Friday, June 24, 2022

Share It, Don't Split It - Is It Working?

I'm teaching a physics course with labs over the summer. And if you've taught Summer courses, you know that they go very fast and furious, so I'm not sure if there's any chance for any evaluation on the effectiveness of anything.

I mentioned a study a while back that seems to imply that it is better for students, especially minorities and marginalized students, to share lab work and have equal access to every part of the experiment, rather than splitting responsibilities and have each students just do one part of it. I am still unsure of how effective it is or whether I can tell if it is working, but I've made sure that the students know that no one is to do just one part of the experiment, that everyone must take turns doing different parts of the experiment.

Much to my surprise, the students seem to be amicable about it. So far, I've seen everyone taking turns and rotating themselves to different tasks as they perform the experiment. Better yet, I've seen students helping and teaching other students on what they just learned about doing certain parts of the experiment or in performing the analysis of the data.
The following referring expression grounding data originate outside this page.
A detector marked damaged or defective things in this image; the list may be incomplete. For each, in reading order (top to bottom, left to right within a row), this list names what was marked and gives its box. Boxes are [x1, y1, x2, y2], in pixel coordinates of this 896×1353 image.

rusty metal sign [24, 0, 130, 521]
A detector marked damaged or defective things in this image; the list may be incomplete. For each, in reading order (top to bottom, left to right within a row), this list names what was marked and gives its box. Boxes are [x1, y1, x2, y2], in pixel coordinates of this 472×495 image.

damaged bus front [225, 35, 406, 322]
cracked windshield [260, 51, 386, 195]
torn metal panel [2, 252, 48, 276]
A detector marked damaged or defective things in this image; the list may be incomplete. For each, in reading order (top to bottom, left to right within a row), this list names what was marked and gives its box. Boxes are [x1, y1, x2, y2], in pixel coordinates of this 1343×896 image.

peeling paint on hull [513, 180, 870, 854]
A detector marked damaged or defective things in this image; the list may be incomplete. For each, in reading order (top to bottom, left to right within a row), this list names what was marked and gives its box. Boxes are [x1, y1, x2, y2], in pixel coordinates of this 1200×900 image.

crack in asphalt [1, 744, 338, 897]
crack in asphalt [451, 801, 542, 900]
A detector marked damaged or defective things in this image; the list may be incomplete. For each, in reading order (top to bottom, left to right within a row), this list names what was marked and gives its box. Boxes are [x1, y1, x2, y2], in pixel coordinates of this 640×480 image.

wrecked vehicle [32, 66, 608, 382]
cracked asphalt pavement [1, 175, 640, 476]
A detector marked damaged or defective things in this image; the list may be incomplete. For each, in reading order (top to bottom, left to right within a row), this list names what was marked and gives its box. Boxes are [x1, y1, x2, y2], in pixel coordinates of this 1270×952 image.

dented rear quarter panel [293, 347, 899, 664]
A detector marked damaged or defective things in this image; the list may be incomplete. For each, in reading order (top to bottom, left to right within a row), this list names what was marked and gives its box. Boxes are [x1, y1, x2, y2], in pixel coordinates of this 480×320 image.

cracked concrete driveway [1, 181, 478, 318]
One direct result that I've seen so far is that everyone in the group knows how to work and setup the computer interface to connect to the various sensors, whereas in previous classes, I've noticed that the same students had the responsibility of setting up the sensors. Already, I can tell that the students are learning about conducting the whole experiment rather than only certain parts of it.

I did not plan on doing any form of assessment on how beneficial or effective this is, because I had not run any control study before. Besides, it is a summer session, and "rushing" is the most common theme for a physics summer class.

I don't know if this will boost the students' "self-efficacy" but from simply a superficial observation, I can see the benefit of requiring that the lab work be shared rather than split.